Best Sandwich in the World

I didn’t know that making a sandwich could be an art. It is not only about the food, but the ambiance itself was magic. We all felt that this man made sandwiches with love and passion. He showed us that it is important to prepare food with good energy and vibrations. It took him almost 15 minutes to prepare our vegetarian sandwiches, but we didn’t die to wait for them because while making the sandwiches, he feeds people with his own hand-made mozzarella or baked ricotta. The arty sandwich is an explosion of flavors with ingredients that perfectly match each other. We especially liked the refreshing note of orange and oregano. Our masterpiece sandwich was a family-sized one and we all enjoyed this filling meal for only 5 euros. We are just afraid that after this sandwich, no other sandwich in life will ever be good enough.

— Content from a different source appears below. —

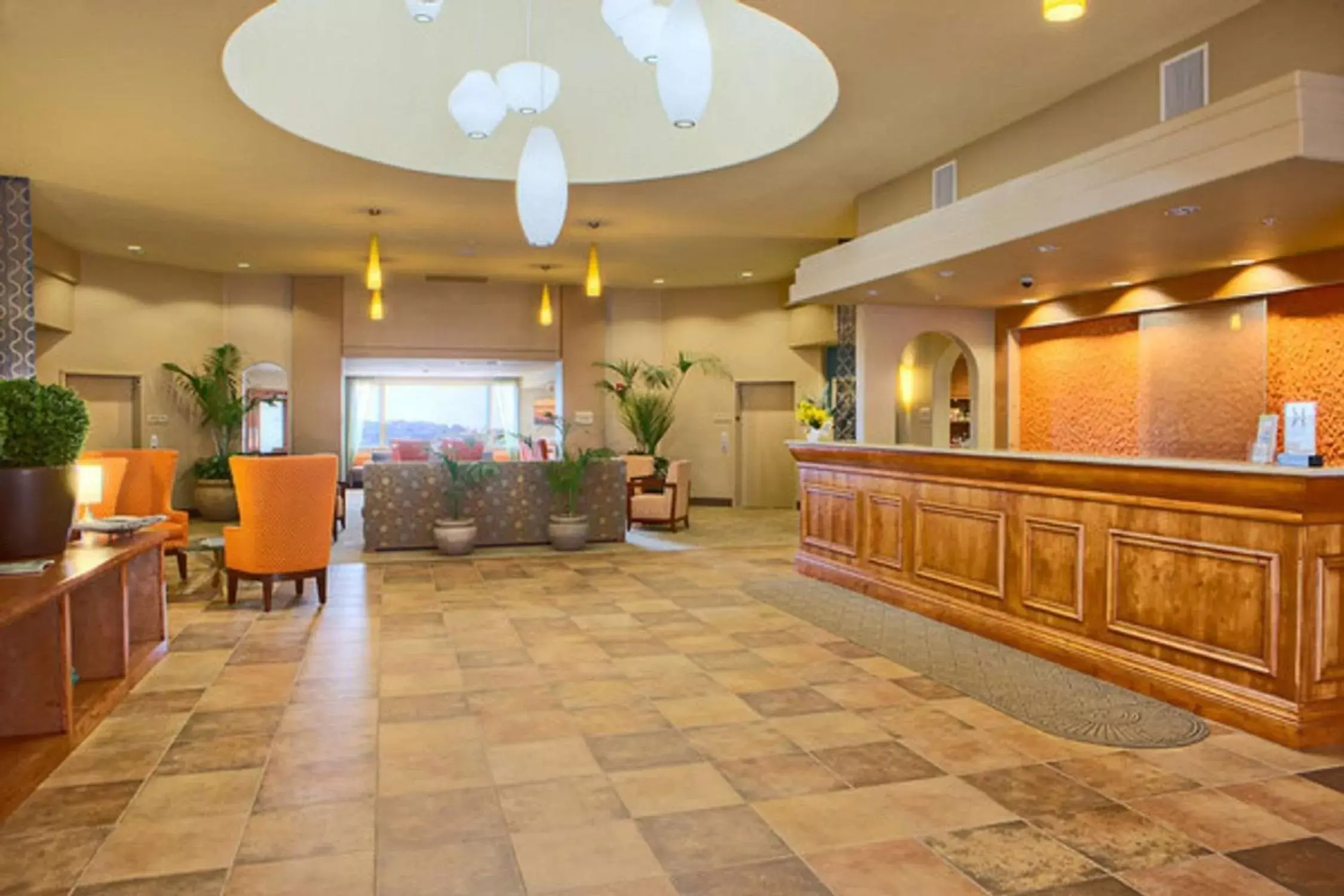 Lobby or reception, Lobby/Reception in Hilton Garden Inn San Luis Obispo/Pismo Beach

Sandwiches prepared with passion and love

Temple of Apollo

The ruins of the Temple of Apollo are just a few steps from Mercato di Ortigia, in the center of the city. Looking at stones and columns isn’t very interesting for the children. It is challenging to be the children’s tourist guide and evoke their interest in history. It is not enough to say, “Kids, this is the first of the great Doric Temples built in Sicily in the 6th or 7th century.” There was a picture of how the temple looked when it was first built, so we compared it to see what pieces were missing now, and there were a lot of them.

Temple of Apollo Syracuse

Temple of Apollo

Fountain Diana

Fountain Diana was one of the most beautiful fountains we saw in Sicily. The terrible thing is that this stunning piece of art is located on a very busy piazza with a lot of traffic. It was a great opportunity to tell children about mythology. Hybrid creatures surrounding the sculpture of Diana — the goddess of hunting, moon, and nature — evoked their imagination. Half-human, half-fish creatures reminded them of mermaids’ boyfriends. They especially loved hippocampus; the half horse, half fish creature. We created a fun game to make up more hybrid creatures. In our new mythology, we had half-dog half-fish, half-snake half-pig and half-dad half-pig. Well, the last one is not far from the truth. We also ate well here.

Fountain Diana Syracuse

Fountain Diana

Cathedral in Syracuse

We visited a lot of churches in Italy, but this one is extraordinary, located in the city’s historic core on Ortygia Island. This building embodies Sicilian 2,500 year-long history. It was built around an ancient temple and is one of the most interesting examples of an ancient temple, having been converted to a catholic church.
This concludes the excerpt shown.